Afghanistan’s Karzai in Qatar

Posted: March 31, 2013 by Ellion hossain in News
Tags: , , , , , , , , , , ,
Former Taliban fighters display their weapons after joining Afghan government forces during a ceremony in Herat
Direct talks with the Taliban still face several obstacles

Afghan President Hamid Karzai is in the Gulf state of Qatar on a two-day state visit for talks with the emir, Sheikh Hamad bin Khalifa al-Thani about Taliban.

The possibility of the Taliban opening a political office in Qatar is expected to be discussed, officials say.

The setting up of an office in Qatar is regarded as a key step in formalising a channel for peace talks between the Afghan government and the Taliban.

US-led Western troops are due to leave Afghanistan by the end of 2014.

The Taliban itself has so far refused to talk to Mr Karzai, describing him as an American puppet, although it did hold inconclusive discussions with United States officials last year.

Last month, President Karzai issued an order banning Afghan security forces from calling in foreign air strikes in residential areas, because of heightened tensions about the extent of civilian casualties.

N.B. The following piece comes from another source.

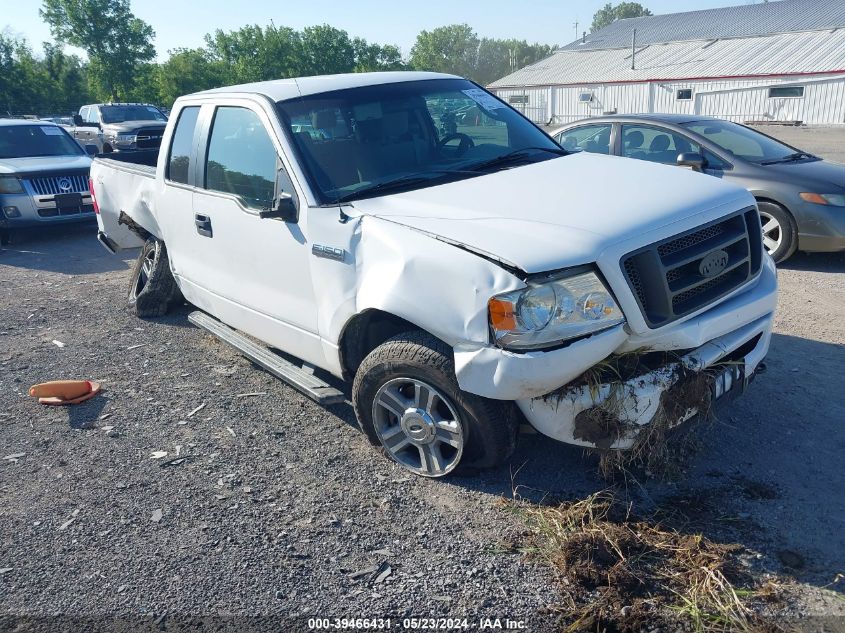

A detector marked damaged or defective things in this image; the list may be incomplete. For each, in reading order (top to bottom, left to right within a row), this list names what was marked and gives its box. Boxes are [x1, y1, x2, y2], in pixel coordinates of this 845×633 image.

damaged front bumper [516, 312, 772, 450]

Mr Karzai’s office said the talks in Qatar would focus on bilateral cooperation and on Afghanistan’s peace process.

Last month Mr Karzai and Pakistan’s President Asif Ali Zardari said that they would work towards a peace deal for Afghanistan within six months.

“The opening of the Taliban office in Qatar is not related to Karzai, it is a matter between the Taliban and the Qatar government,” Taliban spokesman Zabihullah Mujahid told the Agence France-Presse news agency.

“Our representatives who are already in Qatar won’t see or talk to him.”

As the Afghan president’s visit began on Saturday, there were reports that two children and nine suspected Taliban militants had been killed in an air strike by international forces close to the south-eastern city of Ghazni.

A Nato spokesman quoted by Reuters news agency said an Afghan police patrol had come under attack and had called in a helicopter for support.